Majid Rashid, one of the first ten arrivals, expressed relief: “For Christians, life is very hard in Iraq, we could describe it like living hell.”
He declared: “For us living in Iraq means giving your life and accepting death moment after moment.”
Two Czech government officials, a member of the European Parliament and the waiting media welcomed the first Iraqi arrivals. Their escape was funded by British relief charity Barnabas Fund’s Operation Safe Havens project, which still hopes the UK government will also open its doors to Christian refugees from Iraq and Syria. Currently the UK government is only taking refugees from UN camps, whereas Christians are fleeing to temporary shelter in churches.

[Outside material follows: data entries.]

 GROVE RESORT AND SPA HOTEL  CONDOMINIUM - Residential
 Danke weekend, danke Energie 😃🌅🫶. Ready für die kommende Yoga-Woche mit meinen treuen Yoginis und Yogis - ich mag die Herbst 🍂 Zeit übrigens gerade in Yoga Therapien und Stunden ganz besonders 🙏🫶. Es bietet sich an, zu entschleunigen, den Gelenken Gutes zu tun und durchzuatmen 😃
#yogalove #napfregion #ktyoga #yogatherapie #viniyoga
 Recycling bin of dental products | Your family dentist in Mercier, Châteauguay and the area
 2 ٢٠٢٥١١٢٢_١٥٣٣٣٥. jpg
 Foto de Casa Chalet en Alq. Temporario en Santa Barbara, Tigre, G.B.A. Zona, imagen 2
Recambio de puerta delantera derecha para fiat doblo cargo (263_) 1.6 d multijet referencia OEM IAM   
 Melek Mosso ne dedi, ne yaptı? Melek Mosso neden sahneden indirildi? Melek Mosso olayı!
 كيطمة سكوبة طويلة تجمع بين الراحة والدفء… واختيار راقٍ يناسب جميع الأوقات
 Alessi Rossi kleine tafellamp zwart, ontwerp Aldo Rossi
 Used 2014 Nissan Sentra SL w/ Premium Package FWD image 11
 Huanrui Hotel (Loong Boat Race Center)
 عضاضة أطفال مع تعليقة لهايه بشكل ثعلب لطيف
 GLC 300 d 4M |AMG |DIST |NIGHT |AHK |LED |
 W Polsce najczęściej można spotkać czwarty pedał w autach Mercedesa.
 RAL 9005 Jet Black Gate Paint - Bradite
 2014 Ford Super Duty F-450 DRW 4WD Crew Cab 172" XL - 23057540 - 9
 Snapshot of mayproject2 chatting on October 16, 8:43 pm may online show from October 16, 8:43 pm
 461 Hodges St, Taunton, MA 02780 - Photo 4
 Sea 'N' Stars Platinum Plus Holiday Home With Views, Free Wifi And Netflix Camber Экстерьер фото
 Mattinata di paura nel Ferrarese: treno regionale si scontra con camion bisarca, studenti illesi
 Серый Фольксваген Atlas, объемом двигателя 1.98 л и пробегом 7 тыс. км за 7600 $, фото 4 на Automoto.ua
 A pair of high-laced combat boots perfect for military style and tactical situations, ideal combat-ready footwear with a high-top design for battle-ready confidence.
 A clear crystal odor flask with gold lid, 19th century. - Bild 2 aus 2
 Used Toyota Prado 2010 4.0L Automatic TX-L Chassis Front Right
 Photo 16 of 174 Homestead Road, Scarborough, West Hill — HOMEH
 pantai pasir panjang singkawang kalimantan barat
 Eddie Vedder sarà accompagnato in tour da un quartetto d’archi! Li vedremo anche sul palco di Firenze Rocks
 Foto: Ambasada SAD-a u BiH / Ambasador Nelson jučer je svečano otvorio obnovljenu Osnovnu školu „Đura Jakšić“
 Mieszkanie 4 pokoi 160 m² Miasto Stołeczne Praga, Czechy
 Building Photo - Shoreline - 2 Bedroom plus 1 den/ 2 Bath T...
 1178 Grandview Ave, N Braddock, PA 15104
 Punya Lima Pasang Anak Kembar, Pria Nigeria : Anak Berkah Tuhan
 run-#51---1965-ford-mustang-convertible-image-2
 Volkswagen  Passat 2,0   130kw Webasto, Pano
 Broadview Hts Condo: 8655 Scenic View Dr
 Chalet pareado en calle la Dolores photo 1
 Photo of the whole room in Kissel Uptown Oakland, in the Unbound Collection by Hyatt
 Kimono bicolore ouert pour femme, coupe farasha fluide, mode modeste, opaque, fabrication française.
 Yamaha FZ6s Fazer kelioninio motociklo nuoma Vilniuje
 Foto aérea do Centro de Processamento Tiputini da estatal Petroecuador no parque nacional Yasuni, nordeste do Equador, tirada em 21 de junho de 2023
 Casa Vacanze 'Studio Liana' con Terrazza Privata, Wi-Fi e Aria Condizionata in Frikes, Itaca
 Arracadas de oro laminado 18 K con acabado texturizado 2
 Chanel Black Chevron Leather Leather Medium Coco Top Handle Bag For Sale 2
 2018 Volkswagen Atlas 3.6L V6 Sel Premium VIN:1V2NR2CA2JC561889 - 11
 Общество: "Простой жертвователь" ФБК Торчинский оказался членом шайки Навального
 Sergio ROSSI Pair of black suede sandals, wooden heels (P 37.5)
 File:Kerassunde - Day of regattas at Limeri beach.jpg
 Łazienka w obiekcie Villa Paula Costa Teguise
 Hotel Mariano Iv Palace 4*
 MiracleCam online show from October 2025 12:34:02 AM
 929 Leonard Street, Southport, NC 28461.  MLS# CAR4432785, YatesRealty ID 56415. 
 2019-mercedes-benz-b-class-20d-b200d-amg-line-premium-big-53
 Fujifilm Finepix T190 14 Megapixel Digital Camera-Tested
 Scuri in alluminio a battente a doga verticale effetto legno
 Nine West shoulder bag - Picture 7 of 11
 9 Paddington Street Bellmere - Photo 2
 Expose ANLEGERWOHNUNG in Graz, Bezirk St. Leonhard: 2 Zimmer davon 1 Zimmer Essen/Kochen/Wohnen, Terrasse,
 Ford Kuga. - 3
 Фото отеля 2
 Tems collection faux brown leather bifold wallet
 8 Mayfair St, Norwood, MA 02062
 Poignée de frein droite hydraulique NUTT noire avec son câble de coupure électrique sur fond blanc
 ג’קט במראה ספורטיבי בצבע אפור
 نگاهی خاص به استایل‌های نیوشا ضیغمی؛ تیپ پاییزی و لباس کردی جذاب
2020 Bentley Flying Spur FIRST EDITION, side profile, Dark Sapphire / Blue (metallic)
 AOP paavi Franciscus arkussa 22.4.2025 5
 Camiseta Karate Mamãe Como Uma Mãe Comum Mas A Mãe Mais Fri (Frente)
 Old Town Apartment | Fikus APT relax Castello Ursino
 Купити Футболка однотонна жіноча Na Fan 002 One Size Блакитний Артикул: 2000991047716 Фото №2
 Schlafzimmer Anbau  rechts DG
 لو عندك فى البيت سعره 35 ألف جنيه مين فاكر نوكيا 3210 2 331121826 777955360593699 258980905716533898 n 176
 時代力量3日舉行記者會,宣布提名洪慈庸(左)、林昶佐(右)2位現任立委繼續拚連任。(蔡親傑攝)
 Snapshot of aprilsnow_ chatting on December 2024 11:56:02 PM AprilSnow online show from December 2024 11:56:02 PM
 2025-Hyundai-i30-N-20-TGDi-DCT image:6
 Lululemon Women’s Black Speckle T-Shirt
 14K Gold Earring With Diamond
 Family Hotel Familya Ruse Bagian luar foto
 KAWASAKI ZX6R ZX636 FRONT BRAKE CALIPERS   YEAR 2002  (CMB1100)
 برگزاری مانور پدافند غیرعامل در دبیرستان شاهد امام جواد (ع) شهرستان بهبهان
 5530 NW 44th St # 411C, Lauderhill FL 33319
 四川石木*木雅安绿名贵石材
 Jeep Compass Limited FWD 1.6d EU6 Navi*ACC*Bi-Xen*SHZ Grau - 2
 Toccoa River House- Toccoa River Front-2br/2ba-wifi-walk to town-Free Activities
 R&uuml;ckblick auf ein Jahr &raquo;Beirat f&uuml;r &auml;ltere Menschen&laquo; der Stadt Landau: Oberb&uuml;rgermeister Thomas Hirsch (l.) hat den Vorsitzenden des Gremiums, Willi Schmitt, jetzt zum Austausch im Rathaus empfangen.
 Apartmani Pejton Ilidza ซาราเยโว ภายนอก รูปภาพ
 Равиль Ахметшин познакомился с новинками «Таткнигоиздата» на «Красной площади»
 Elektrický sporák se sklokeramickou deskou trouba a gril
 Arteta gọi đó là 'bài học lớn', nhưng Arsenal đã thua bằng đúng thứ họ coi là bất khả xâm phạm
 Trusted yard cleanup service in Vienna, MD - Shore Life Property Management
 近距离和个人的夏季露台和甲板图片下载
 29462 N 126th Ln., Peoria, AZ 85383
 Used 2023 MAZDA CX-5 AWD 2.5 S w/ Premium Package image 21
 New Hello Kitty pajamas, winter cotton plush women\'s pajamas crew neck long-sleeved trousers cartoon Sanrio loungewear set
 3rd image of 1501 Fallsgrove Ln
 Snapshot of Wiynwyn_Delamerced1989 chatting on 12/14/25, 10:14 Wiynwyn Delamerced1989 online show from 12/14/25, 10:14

153 Iraqis are expected to arrive in four main groups over the next two months on refugee visas supplied especially by the government of the Czech Republic. Barnabas will also support their first year costs of resettlement in partnership with Czech charity, Foundation Generation 21.
Barnabas Fund’s Chief Executive, Hendrik Storm, travelled to Prague to welcome the newcomers and praised the Czech government and Czech partners for recognising the “desperate plight” facing Iraqi and Syrian Christians: “We pay tribute to the vision and bravery of the Czech government in recognising that Christians are uniquely targeted and abandoned by the international community.”
Foundation Generation 21 will be on the front line of providing care, counselling and support for refugees to resettle in the Czech Republic over the next year. Jan Talafant of Foundation Generation 21 praised the contribution of Barnabas Fund’s Operation Safe Havens in making the operation possible.
“From the very beginning we were telling the Czech government that we have a strong financial partner in Great Britain, Barnabas Fund. They had many questions about financing the project, so it was very helpful in the whole process of receiving agreement from the Czech government. Without you the project would not be possible.”
Barnabas Fund’s first Operation Safe Havens evacuation took place in July last year and involved the evacuation of over 50 Syrian Christian families to Warsaw.
Lord Weidenfeld
The late Lord Weidenfeld, who died this January aged 96, helped to fund and support Operation Safe Haven. Although he became famous as founder of the publishing house Weidenfeld and Nicolson, young Georg Weidenfeld had experienced being a refugee from Austria as a boy to escape the Nazis. Thanks to the care of a Plymouth Brethren family (not Quaker as reported in the last issue of this paper), who also helped his father to flee Austria, he wanted to help Christians as they had helped him. Interviewed by Revelation TV last November, Lord Weidenfeld recalled becoming close to the late Pope John Paul II who had told him, “The Jews are the elder brother of the Church.”